March 8, 2017 E-MAIL PRINT

If Your Mother Says She Loves You, Check It Out

It's International Women's Day, and we're proud to recognize that at IAPE TNG/CWA Local 1096. As you may remember, a year ago today we published a preliminary review of Dow Jones salaries for union-represented employees and found a significant gender pay gap between the men and women who work here.

Since then, the company has conducted its own analysis and concluded that there's nothing much to see here, folks. Tellingly, though, the company has refused to release its findings, or explain the methodology behind its internal and external review processes.

That's not OK. Yesterday, IAPE delivered a formal information request to Dow Jones seeking copies of the work they completed last year, and an explanation of on how it was done. The Union information request explains, "This information is plainly relevant to IAPE's role in ensuring that the anti-discrimination provisions of the contract are complied with."

In the true spirit of the reporter's mantra, "If your mother says she loves you, check it out," we have also commissioned our own external study, and expect to be in a position to release that very soon.

Last March, our preliminary examination of the data found that, on average, female Dow Jones employees were paid only 86.8% as much as their male colleagues.

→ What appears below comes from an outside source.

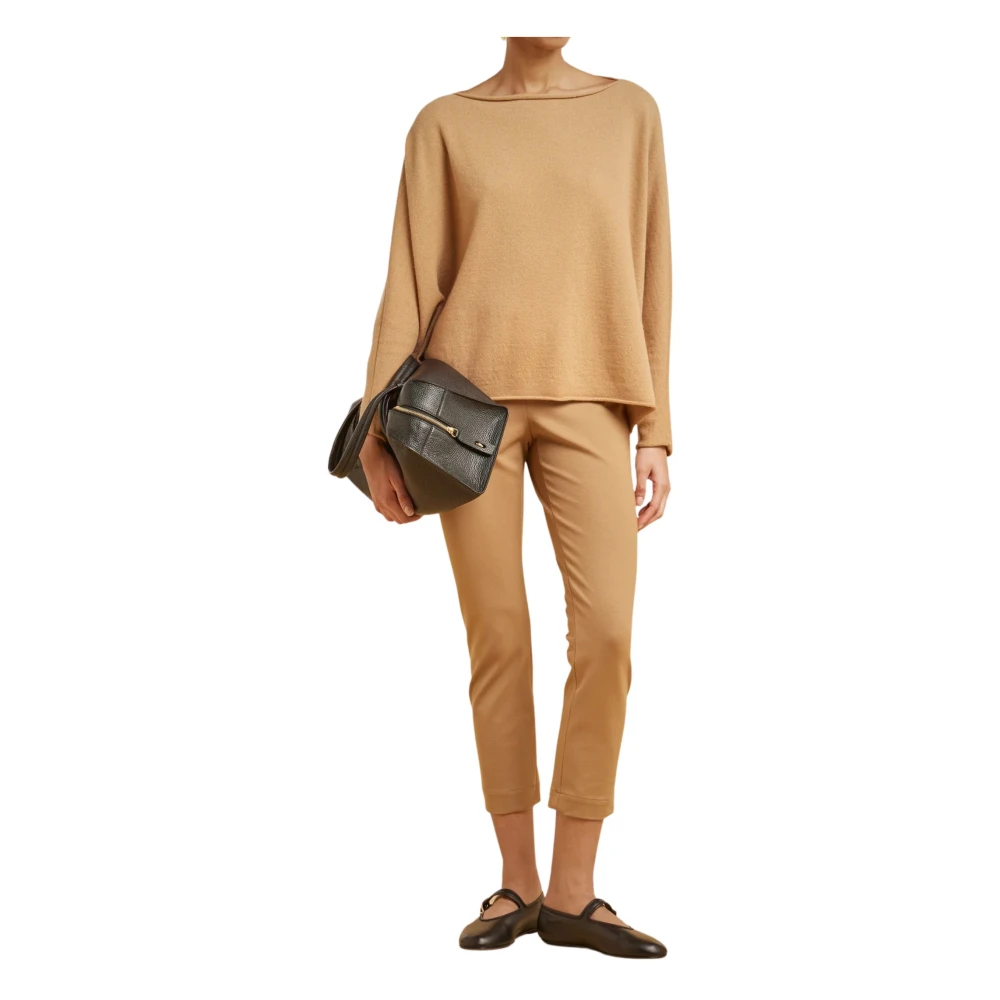 Liviana Conti Kasjmier Boothals Trui Beige Dames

On December 7th, Dow Jones Chief People Officer Mark Musgrave informed staff that their assessment "did show that less than three percent of our employees, a group that included both men and women and spanned multiple ethnicities, needed adjustments to align their salaries with those of colleagues as well as the overall marketplace."

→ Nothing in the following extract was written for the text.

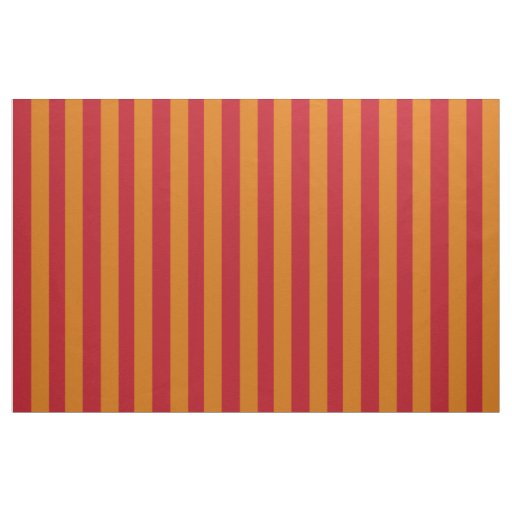 Boutique Stripes - Fabric Orange Red Wine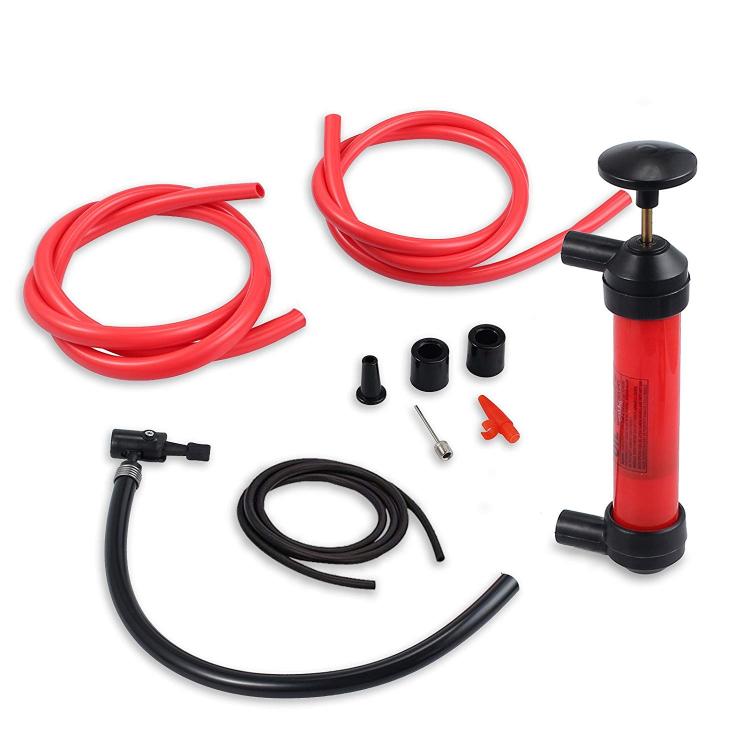 Pompa Sifone Travaso Benzina Diesel Gasolio Olio Gonfiatore Aspira Liquidi Acqua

During a town hall meeting on Monday, Mr. Musgrave said the Company could not back up its claim with data because of privacy concerns, and they continue to insist that the 2016 review done by IAPE was flawed because in a location like the Dow Jones campus in Princeton, NJ, male-dominated technology positions and mostly-female customer service departments might skew an analysis of average pay rates.

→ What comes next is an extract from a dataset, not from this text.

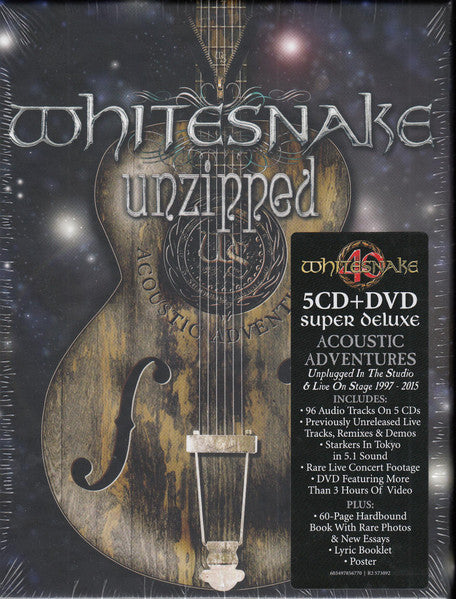 WHITESNAKE - UNZIPPED (SUPER DELUXE EDITION/5CD/1DVD)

Who's right? That's for you to decide. We look forward to releasing our more detailed study as soon as possible, with some direct job category comparisons — and unlike the company, we're committed to telling you what's in it, and how we did it, so you can make up your own mind.

Our way respects people's privacy and gives us data we can use to know what's really going on. Sweeping facts under the carpet doesn't help anyone.